For sheer size, it’s hard to beat the incredible volume of water that exists on our planet. If you filled a glass with all the water in the world, the glass would have to be seven hundred miles high and seven hundred miles wide. (And if you think that’s hard to swallow, just remember that’s all the water we’ve ever had—or will ever have.)
The trouble with water—and there is trouble with water—is that they’re not making any more of it. They’re not making any less, mind you, but no more either. There is the same amount of water on the planet now as there was in prehistoric times.

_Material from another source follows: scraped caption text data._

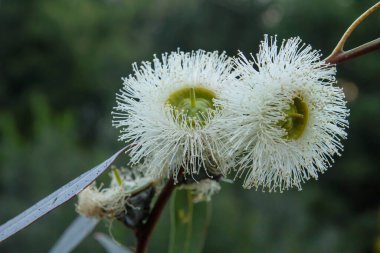 Mavi sakız (okaliptüs globulus) beyaz çiçekler 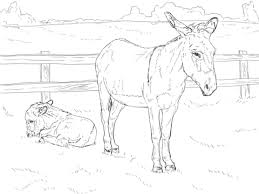Donkey With Baby Coloring Page Free Printable Coloring Pages Horse Coloring Pages Baby Coloring Pages Farm Animal Coloring Pages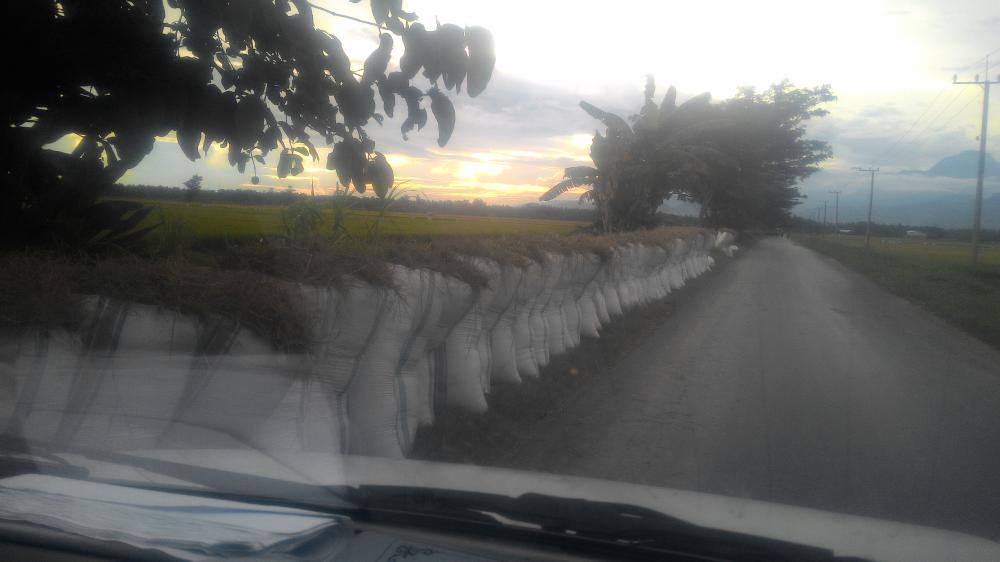 Petani di Lutim Keluhkan Rendahnya Harga Gabah dan Potongan dari Tengkulak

People, however, they’re making more of—many more, far more than is ecologically sensible—and all those people are utterly dependent on water for their lives (humans consist mostly of water), for their livelihoods, their food, and increasingly, their industry. Humans can live for a month without food but will die in less than a week without water. Humans consume water, discard it, poison it, waste it, and restlessly change the hydrological cycles, indifferent to the consequences: too many people, too little water, water in the wrong places and in the wrong amounts.
—MARQ DE VILLIERS,
Water: The Fate of Our Most Precious Resource, 2000
FACT
97.5 percent of all the water on earth is undrinkable seawater. Of the remaining 2.5 percent, nearly two-thirds is locked up in polar ice caps. The remaining third is all ours, except half of that is considered polluted by most international standards.


2

It’s So Wet

Okay, so maybe you want to know a little chemistry. Water consists of two parts hydrogen and one part oxygen. There’s no shortage of these elements in the universe. Yet, for reasons that remain largely unknown, very few planets have such an abundance of liquid water. One theory suggests that the earth was basically pelted early on by extraterrestrial snowballs the size of Manhattan. As things heated up, the ice melted, and oceans formed.
Water is fundamental for life and health. The human right to water is indispensable for leading a healthy life in human dignity. It is a prerequisite to the realization of all other human rights.
—THE UNITED NATIONS COMMITTEE ON
ECONOMIC, CULTURAL AND SOCIAL RIGHTS,

Environment News Service, November 27, 2002
Water is the basis of life and the blue arteries of the earth! Everything in the nonmarine environment depends on freshwater to survive.
—SANDRA POSTEL, “Global Water Policy Project,” Grist Magazine, April 26, 2004
FACT
Water is the essential ingredient to life as we know it—and most likely a common requirement for life elsewhere. Scientists believe that Europa, an ice-encrusted moon of Jupiter, may contain life because it has heat from volcanic activity to maintain liquid water and dissolve chemicals essential for living organisms.


3

Now That I’m on the Water Cycle, How Do I Get Off?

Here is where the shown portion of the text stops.